* _TASK REQUIREMENTS_: Every record below is to be restated verbatim, though its images are not.

(Records from a data source)
────────────────
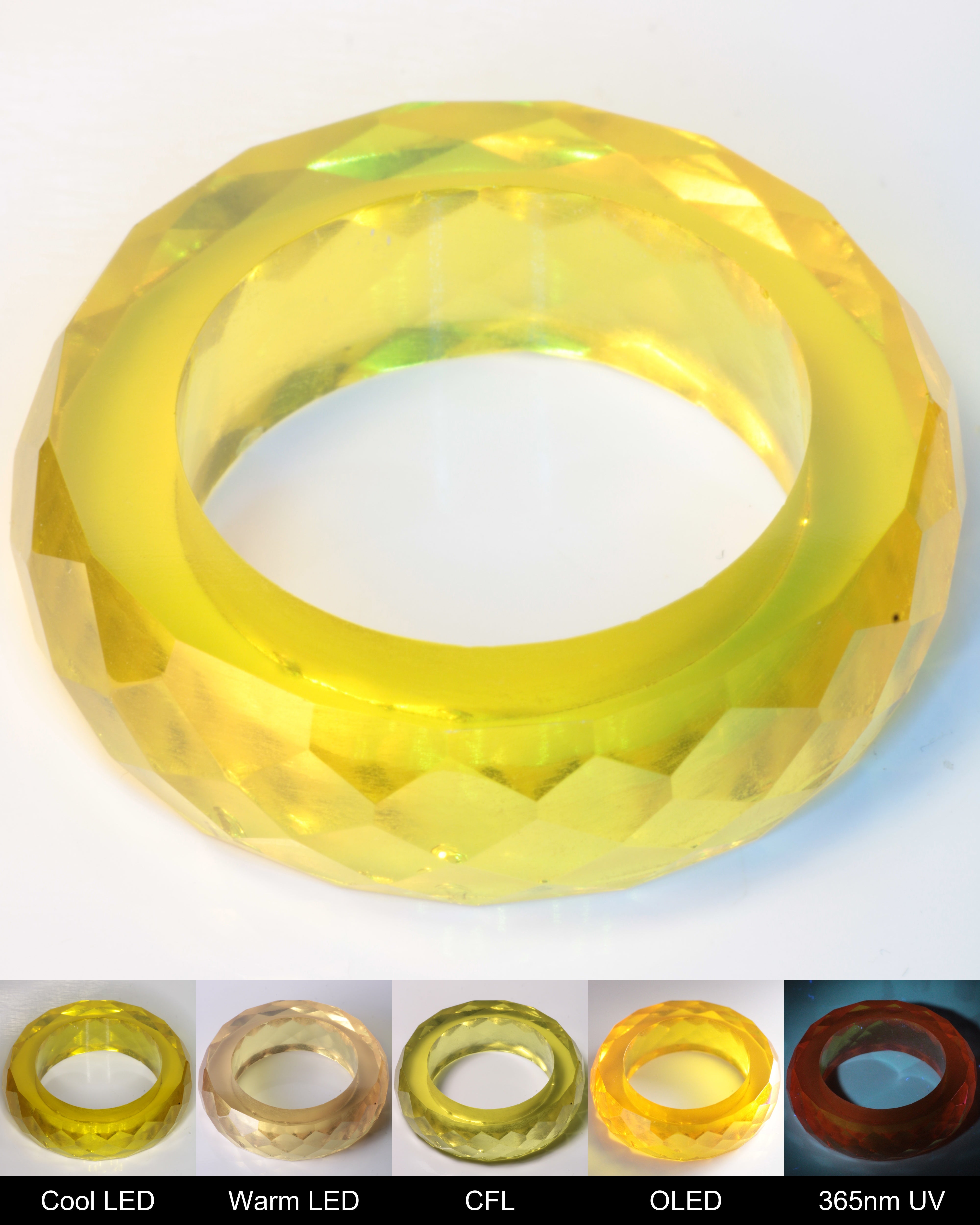 Literal® Yellow Ce/Nd Faceted Ring Size 7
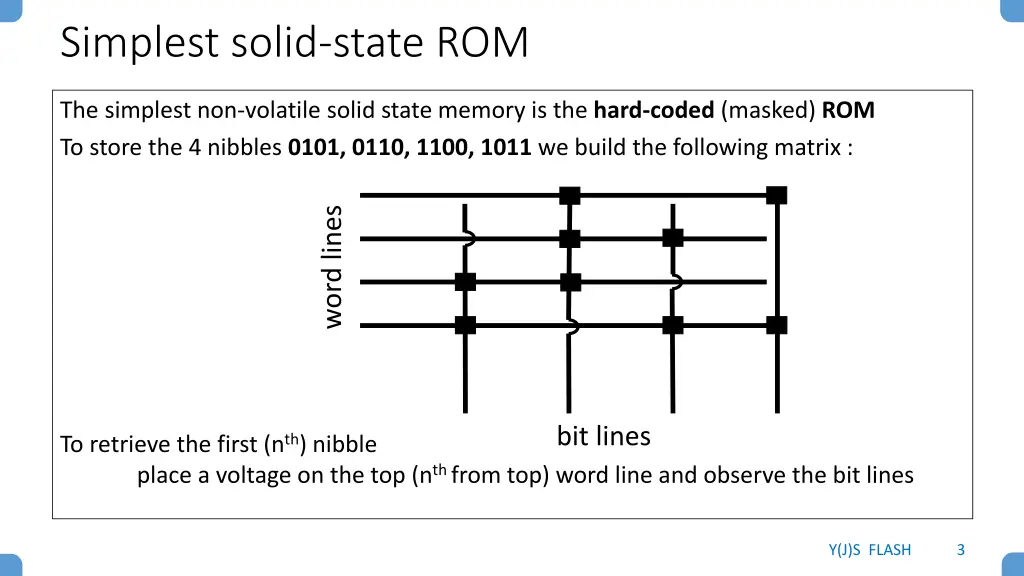 simplest solid state rom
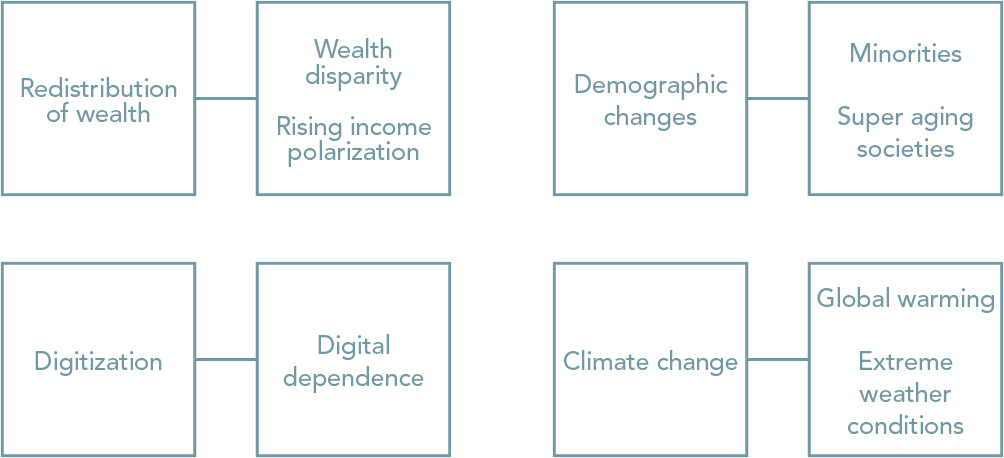 Megatrend and Global issue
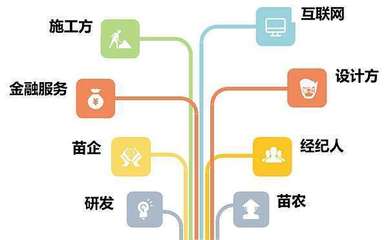 苗木經營借力互聯網 這4招很重要！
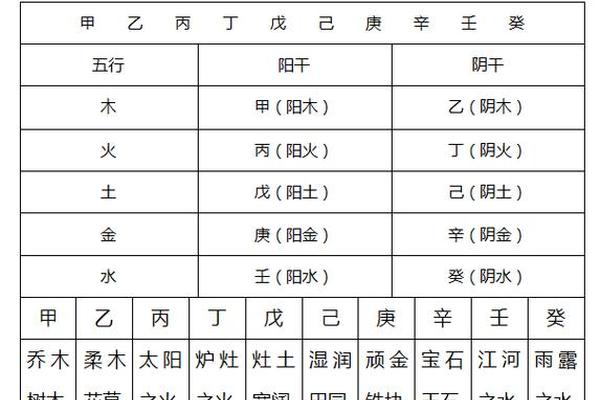 五行天干地支对应关系图-五行查询表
────────────────
* _ANSWER AREA_:
 Literal® Yellow Ce/Nd Faceted Ring Size 7
 simplest solid state rom
 Megatrend and Global issue
 苗木經營借力互聯網 這4招很重要！
 五行天干地支对应关系图-五行查询表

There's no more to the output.